- **Given data**
....

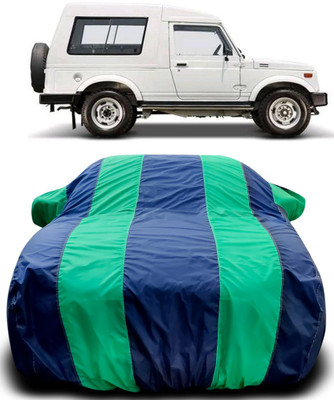 NUMBOR ONE Car Cover For Maruti Suzuki Gypsy MG-410 (With Mirror Pockets)(Blue, Green)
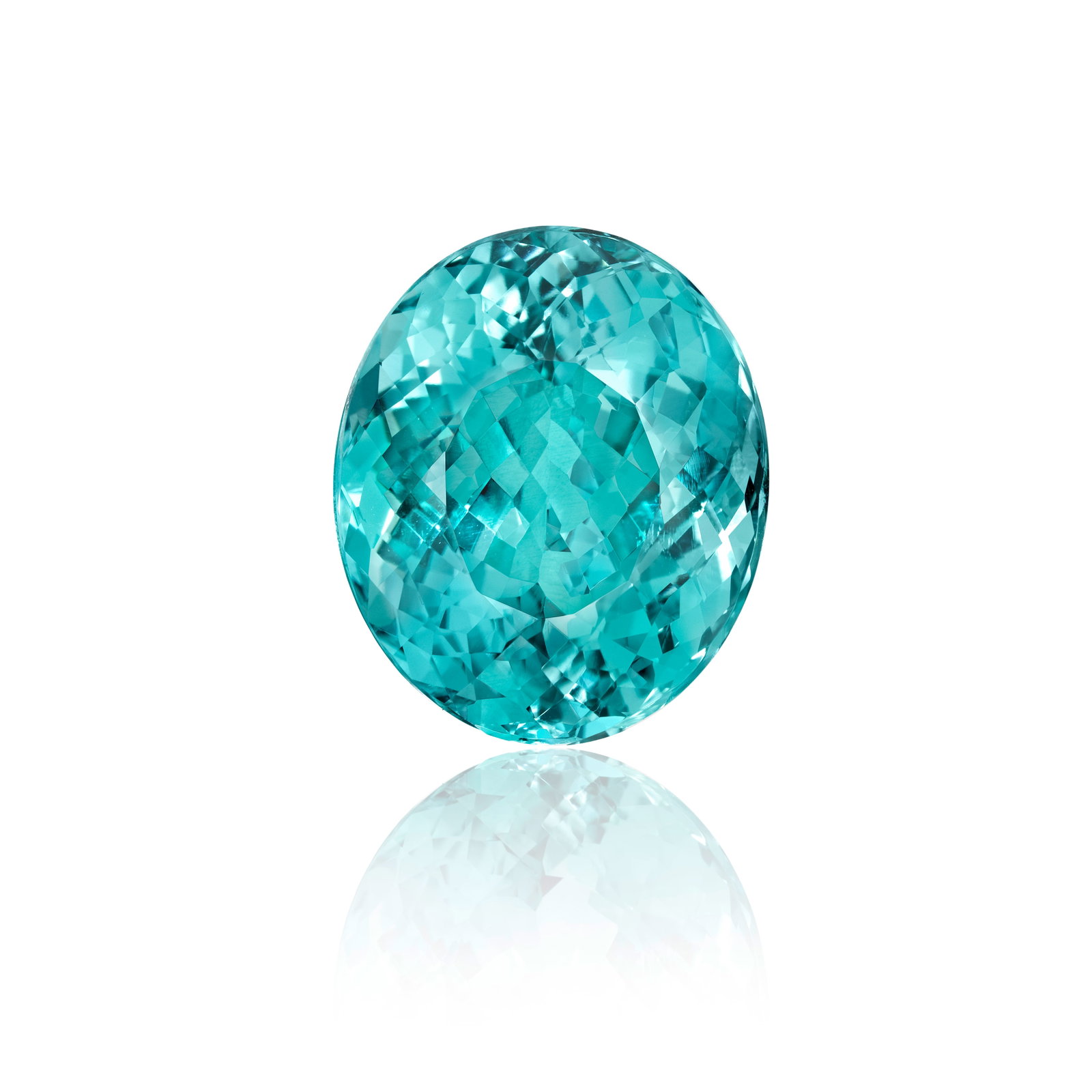 AN UNMOUNTED PARAÍBA-TYPE TOURMALINE: AN UNMOUNTED PARAÍBA-TYPE TOURMALINE An oval-shaped Paraíba-type tourmaline, weighing 30.61 carats, accompanied by a hexagonal frame to a link necklace; with maker's mark; necklace in 14K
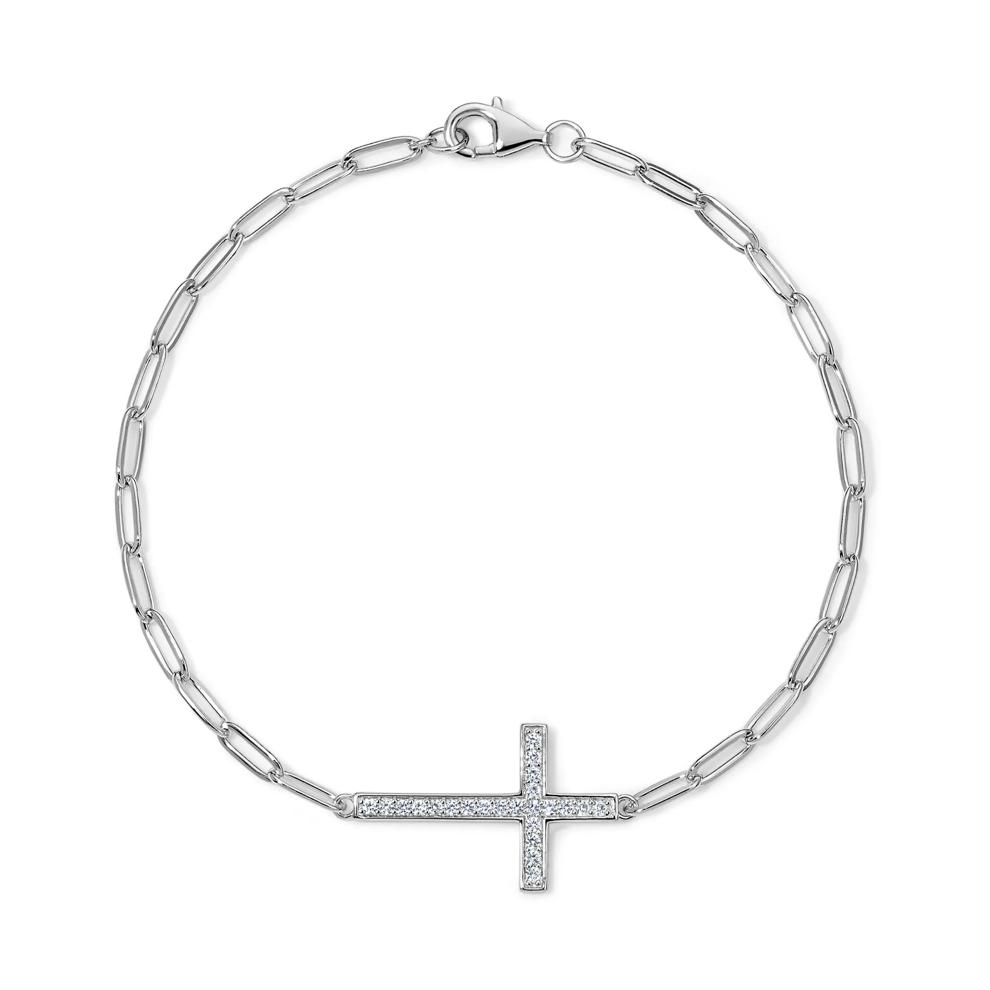 Lab-Created White Sapphire Cross Paperclip Chain Bracelet in Sterling Silver, 7.5" – Image 1 of 2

....

- **Task requirements**
All that's required is the material above repeated exactly, minus any picture.

- **Task output**
 NUMBOR ONE Car Cover For Maruti Suzuki Gypsy MG-410 (With Mirror Pockets)(Blue, Green)
 AN UNMOUNTED PARAÍBA-TYPE TOURMALINE: AN UNMOUNTED PARAÍBA-TYPE TOURMALINE An oval-shaped Paraíba-type tourmaline, weighing 30.61 carats, accompanied by a hexagonal frame to a link necklace; with maker's mark; necklace in 14K
 Lab-Created White Sapphire Cross Paperclip Chain Bracelet in Sterling Silver, 7.5" – Image 1 of 2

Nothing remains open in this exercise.